Answerable is a python program that finds unanswered questions on Stack Overflow that you could be able to answer. The learning is performed on the similarity of the new questions with the one you've answered.
Pondering by the reputation associated is in the wish list for now.
At first I didn't know about the stackexchange API, so I planned to do it via web scraping. However, when I saw the amount of traffic that could mean, I decided did a little research and found this site.
Web scraping has already been replaced by the API and RSS.
The reason to use the RSS feed instead of regular API requests is the quota. I want this software to be free and open, so it won't use access_token. As a consequence, the API will be used only to recover the minimal information necessary to elaborate the learning model. Any thoughts on this are welcome.
Supporting other stackexchange sites is not a priority right now, but maybe when a fully functioning version is finished, I'll work on enabling it.
It is free software under the MIT License.
The code is fully in Python 3.8, but I still plan to experiment with Prolog to make some semantic analysis in a future separate branch.
If you want to contribute, feel free to open an issue, make a PR (Check the contributing guidelines in the repository) or send me an email.

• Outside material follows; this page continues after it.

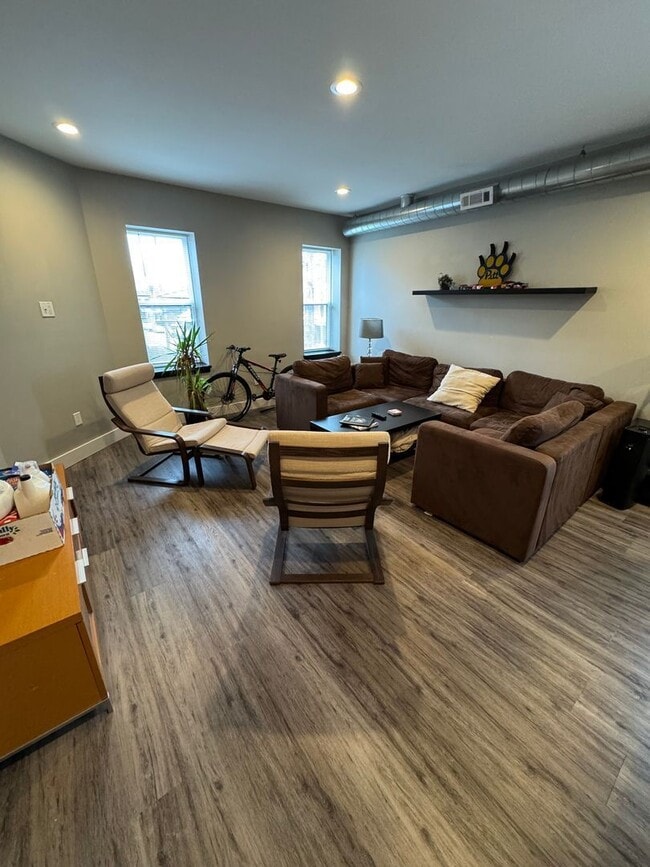 Photo - 5148 Dearborn St House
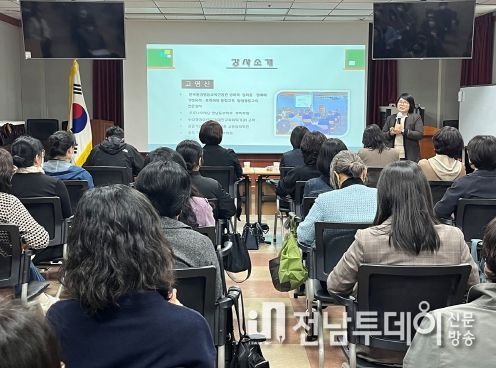 여수시 드림스타트는 지난 10일 여성문화회관 소강당에서 아동복지교사 36명을 대상으로 역량 강화 교육을 진행했다.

Update: Now that there is a fully functional version, I will focus on improving the recommendations. Here I'll keep the observations of the current model.
Observations about the current model
- It doesn't make a distinction between text that is code and text that is natural language.
- Short questions tend to have priority over long questions.
- The general similarity to the questions you have answered may have more weight than it should, compared to the similarity with the more similar question that you have answered. This can reduce the quality of the results when the user has a long activity history.